Plusieurs crimes et délits montrent des évolutions très surprenantes comme les cas de violences, maltraitances et abandons d’enfants et les infractions aux conditions générales de séjour des étrangers en Gironde. D’autres crimes et délit m’ont interpellé par leur originalité, comme le délit de fausse monnaie. J’aurais bien aimé enquêter sur les faussaires girondins. J’ai finalement fait le choix de creuser autour des deux faits précédemment cités car les chiffres rencontrés étaient à première vue très surprenants.

J’ai compilé les données mensuelles en données annuelles. J’ai ensuite calculé l’évolution des chiffres sur les 20 années pour chacun des crimes et délit. Enfin j’ai dressé le palmarès des 10 faits qui ont le plus augmenté et des 10 faits qui ont le plus diminué.  Il est apparu que les chiffres du gouvernement, sans être incorrects étaient dans certains cas assez contestables et parfois étonnants.

Les difficultés de l’enquête :

La difficulté a été de passer des données au terrain. Dès le début, mon souhait à travers l’exploration de ce sujet était de raconter une réalité derrière les chiffres. J’ai malheureusement eu du mal à trouver le lien entre les jeux de donnée sur lesquels j’ai pu travailler et l’histoire que je devais raconter. Il n’est pas évident de raccrocher une masse de chiffres et des statistiques à une actualité précise, une réalité concrète pour raconter une même histoire.

Si je me rendais auprès des personnes concernées par les délits et les crimes étudiés dans mes tableurs, ce n’était pas parce que d’emblée il leur arrivait quelque chose d’intéressant ou de significatif, mais parce que les statistiques indiquaient une étrange évolution globale à explorer.
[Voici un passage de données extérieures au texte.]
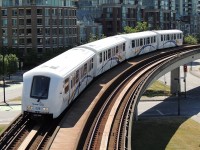 Millennium Line SkyTrain Bombardier ART MkII inbound (to camera) to Stadium/Chinatown Stn. The train has come from the Main Street/Science World Stn which upon leaving that station goes thru an office tower at about the second floor.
Cela a été un peu perturbant. J’ai finalement trouvé le moyen de raconter la situation des immigrés en Gironde et la façon dont les crimes et délits sont répertoriés par les forces de l’ordre et par les associations. J’aurais souhaité faire un focus aussi complet sur la maltraitance d’enfants, mais malgré mes nombreuses démarches, mes mails et appels, le Département de la Gironde n’a pas voulu s’exprimer ni me guider vers un professionnel qui accepterait de se prononcer. J’ai tenu tout de même à faire apparaître dans mon enquête ces chiffres qui m’ont marqué.

J’ai certainement trop tardé avant de prendre contact avec les acteurs de la lutte contre la violence sur les enfants. Cependant, il est anormal qu’en France les journalistes doivent attendre des semaines pour pouvoir s’adresser à un membre d’un personnel médical, ou un responsable départemental d’un domaine qui concerne la vie de tout citoyen et un sujet de société majeur. La liberté de la presse a encore des territoires à conquérir.

La visualisation des données

J’ai opté pour l’outil de visualisation infogr.am. C’est assez simple d’utilisation et les visuels sont efficaces.